Chronicle of Lake Powell | The page promotes geocaching as a family outdoor activity

Page is an outdoor community, making it a prime location for the family outdoor geocaching activity.

The website describes the activity as “the world’s greatest treasure hunting game”, with more than 3 million containers called geocaches “hidden all over the world just waiting to be found”.

Anyone can play by logging into the website or downloading the app to their phone, then looking at the map to see what geocaches might be hidden in their area. The app is free to download and use, but dedicated geocachers can pay a premium subscription to access more locations.

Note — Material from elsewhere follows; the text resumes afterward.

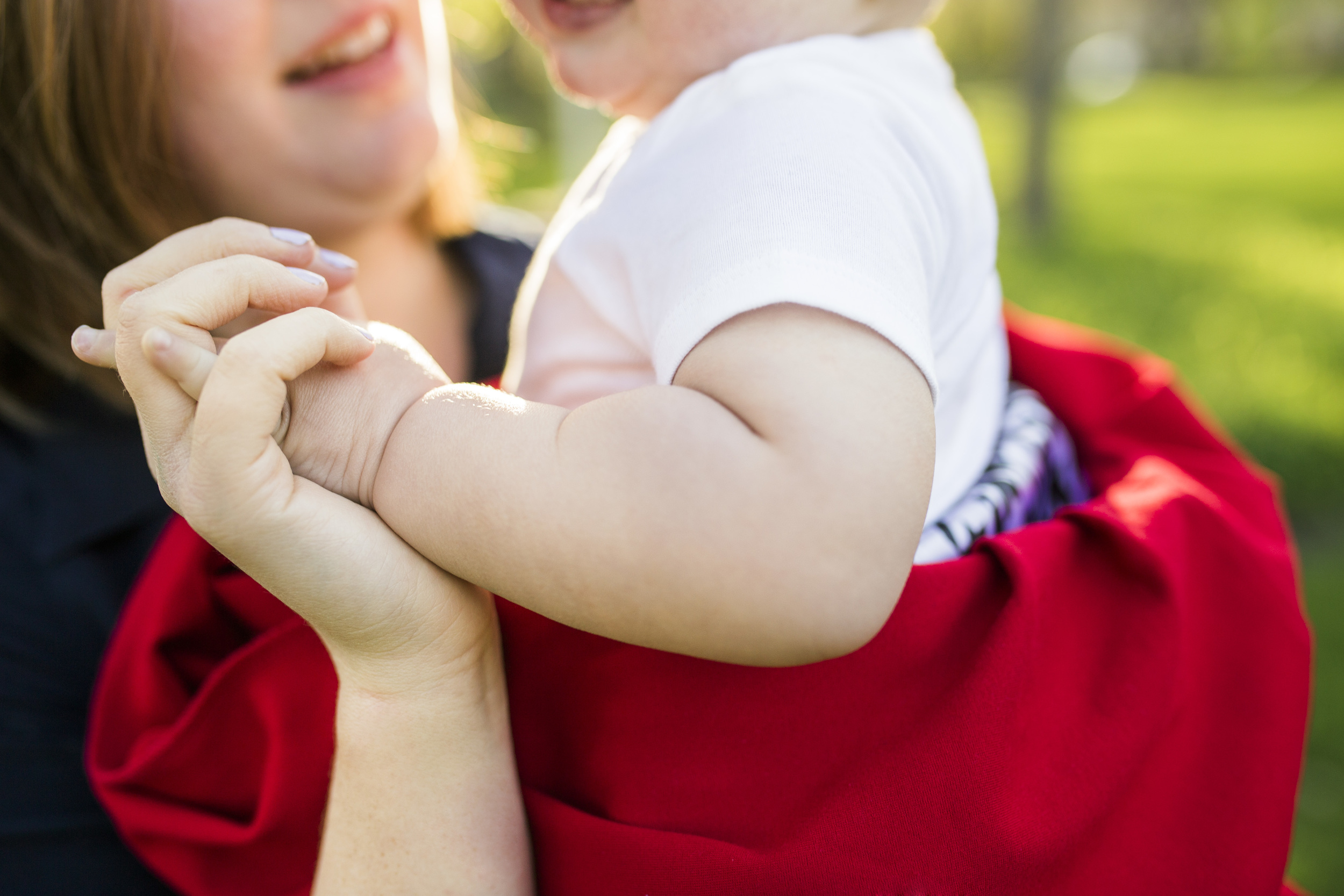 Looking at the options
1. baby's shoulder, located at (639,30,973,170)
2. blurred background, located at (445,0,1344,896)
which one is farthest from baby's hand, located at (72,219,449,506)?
blurred background, located at (445,0,1344,896)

Geocaches are each given a unique name once they are placed and once their locations are uploaded to the website. Following the phone’s GPS signal will normally bring players within 5-10 meters of the treasure, but finding it requires some good old-fashioned searching and snooping.

Geocaches come in all shapes and sizes, from “large reusable containers” to “micro canisters the size of your fingernail,” according to the website. They usually contain a logbook to sign, while larger containers can also hold small trinkets or keepsakes for players to take away – but it’s also a good idea to leave something new in the container for them. next players.

There are currently around 20 geocaches around Page whose locations are available for free, and double that number for those who pay for the premium membership.

The town of Page recently got into the act by hiding two free geocaches in town – one called Coyote’s Stash and the other named Manson Mesa’s Lost Treasure.

City-sponsored geocaches were the brainchild of City of Page social media specialist Jackelyne Aguirre.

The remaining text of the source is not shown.